In a statement, China’s foreign ministry cited its needs at home, where the coronavirus has reemerged.
“C u r re n t l y, C h i n a ’s domestic vaccine demand is huge,” it said. “While meeting domestic demand, we are overcoming difficulties, thinking and trying ways to develop international vaccine cooperation with other countries, especially developing countries in different ways, and providing support and assistance according to their needs and within our capacity.”
The sporadic outbreaks could also hinder production. Sinova c, which declined to comment, said online Friday that it was looking for workers for a Beijing-area facility where an outbreak had frightened off potential employees.
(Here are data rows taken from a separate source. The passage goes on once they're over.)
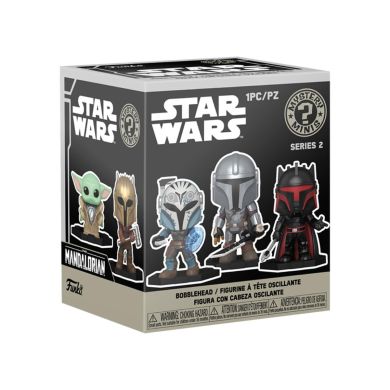 Ігрова фігурка Funko Mystery Minis - Мандалорець S2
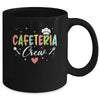 Cafeteria Crew Lunch Ladies Rock Lunchroom Worker Women Mug | teecentury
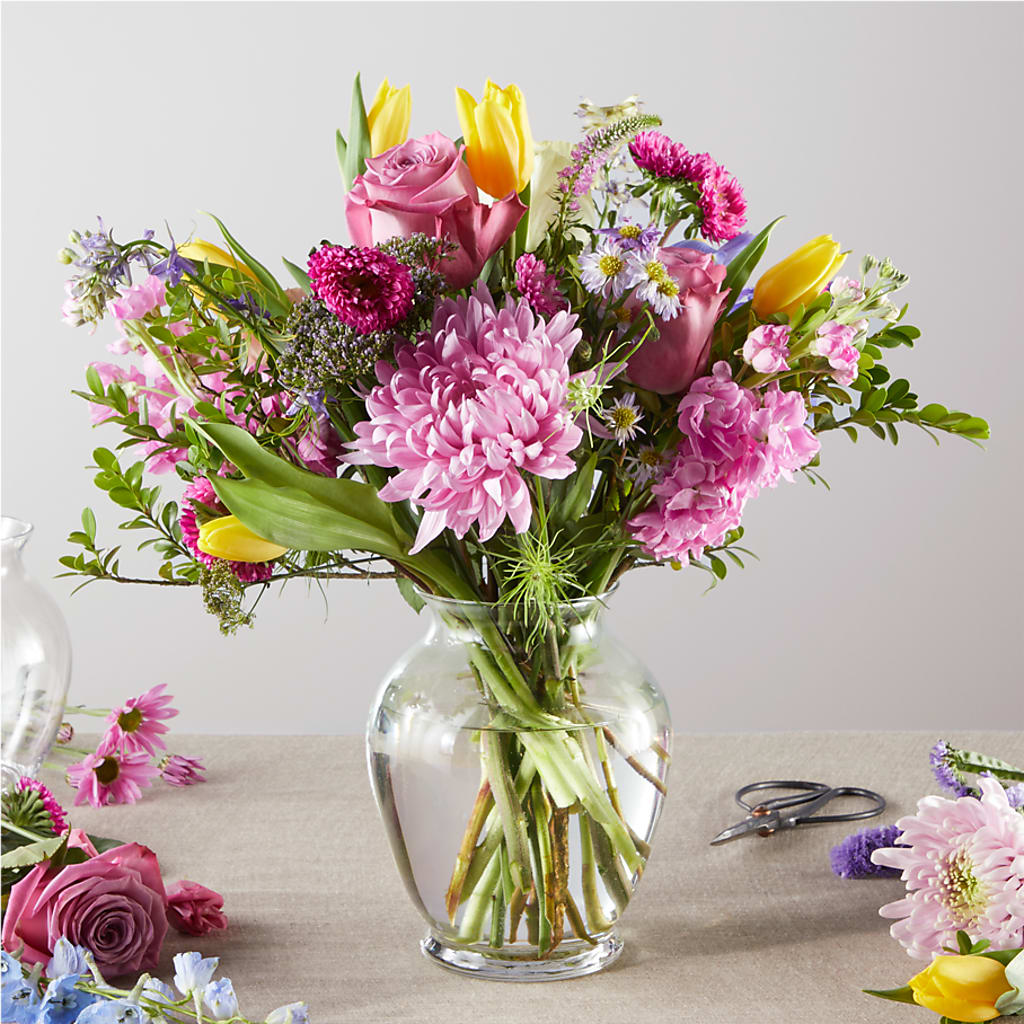 Pastel Tradition - A Florist Original – Garden Of Eden Florist Inc, Coplay PA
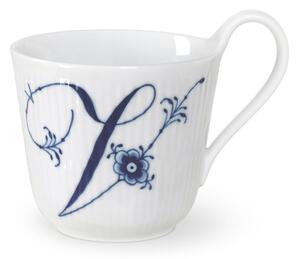 Porcelánový hrnek Alphabet 330 ml – V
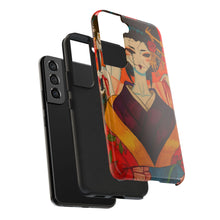 Load image into Gallery viewer, Oiran Tough Phone Cases
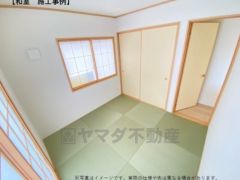 和室　施工事例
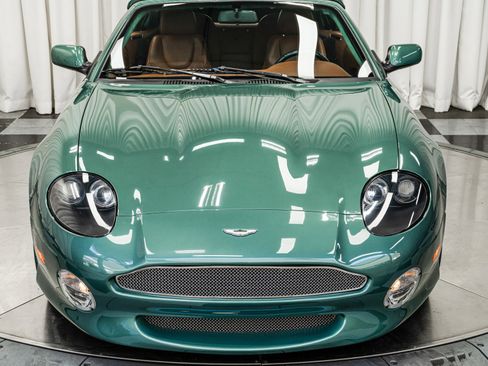 Used 2003 Aston Martin DB7 Vantage image 44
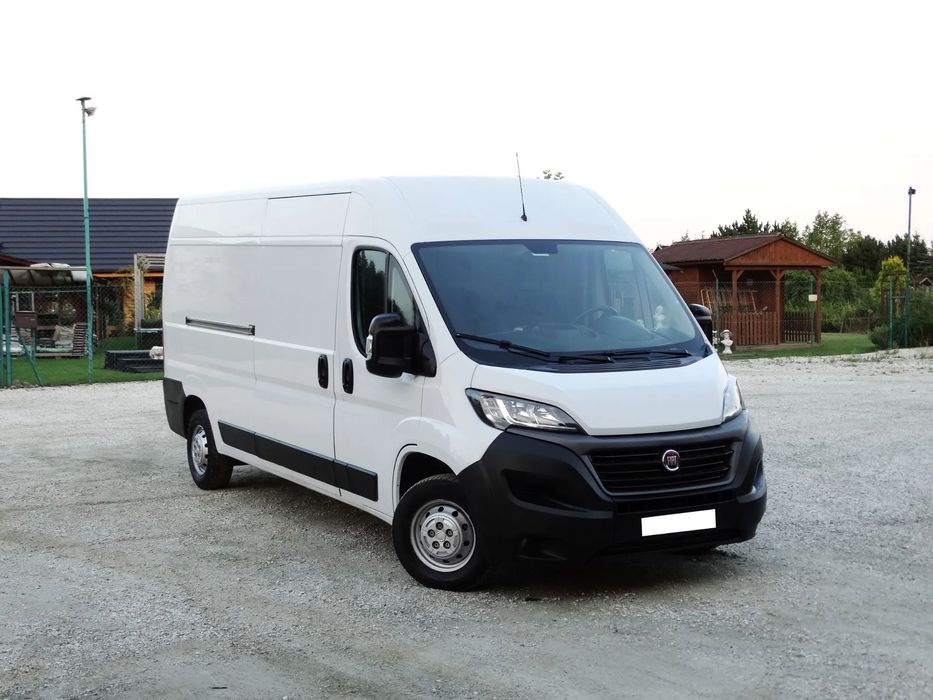Fiat ducato  Fiat ducato Z WINDA 2 3 JTD 140PS klima Kredy/Leasing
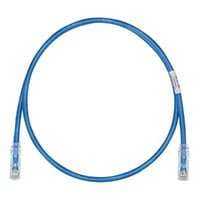UTPSP4BUY by Panduit Corp - CABLE MOD 8P8C PLUG TO PLUG 4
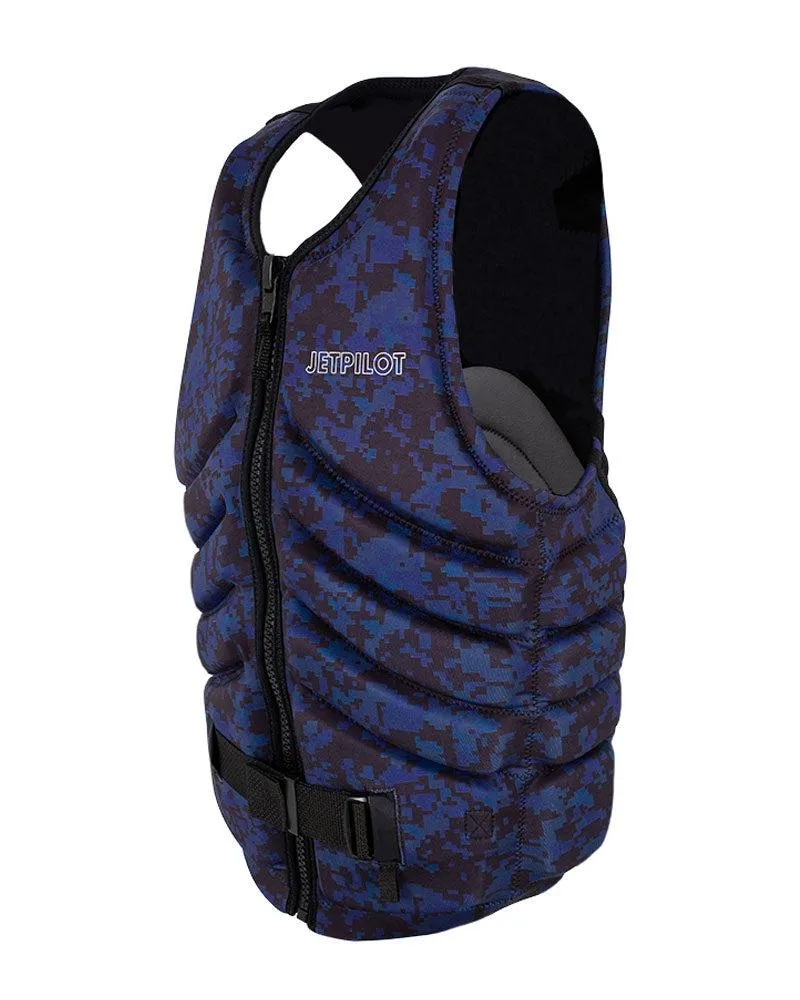 2022 Jetpilot Quantum X Vest - Cory Ed.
Countries like Turkey and Brazil are rolling out their immunization programs with a Sinovac vaccine because Western companies cannot deliver as quickly. But Brazil’s efforts have been delayed as well. Eduardo Pazuello, the country’s health minister, said China is not acting fast enough with the documents needed to export raw materials to Brazil.
Other vaccines are beginning to fill the gap.
Brazil’s health ministry said last week that a delayed shipment of 2 million doses of the Oxford-AstraZeneca vaccine would arrive soon from India.
The world was also caught off guard by the disclosure that the Sinovac vaccine may not be as effective as previously thought. Earlier, officials in Turkey said trials there showed the vaccine has a 91% efficacy rate. In Indonesia, it was 68%. In Brazil, researchers initially said its efficacy was 78%.
Then, Jan. 12, scientists said it had an efficacy rate of just over 50%, once people who experienced mild symptoms were included. That level is a hair above the threshold set by the World Health Organization to consider a vaccine effective.
In a news conference last week, Sinovac CEO Yin Weidong reiterated that the vaccine is 100% effective in preventing severe cases. He said the lower efficacy rate was because the trial was focused on health care workers, who had a higher propensity of contracting COVID-19 than the general population.
In Hong Kong, a special administration region of China that has ordered 7.5 million doses of the Sinovac vaccine, officials have not received an application for emergency distribution nor any data from the Chinese company.
“Whether it is because they are not making enough or if they have no plans to send the vaccines to Hong Kong yet, I don’t know,” said Dr. Lau Chak Sing, who heads a Hong Kong government advisory panel on COVID-19 vaccines.
Data disclosure has also been an issue in the Philippines, which has secured 25 million Sinovac vaccine doses.
Risa Hontiveros, an opposition lawmaker, said President Rodrigo Duterte’s administration “continues to cram their preference for Chinese-made vaccines down the public’s throat, without emergency use approval and with inconsistent data.”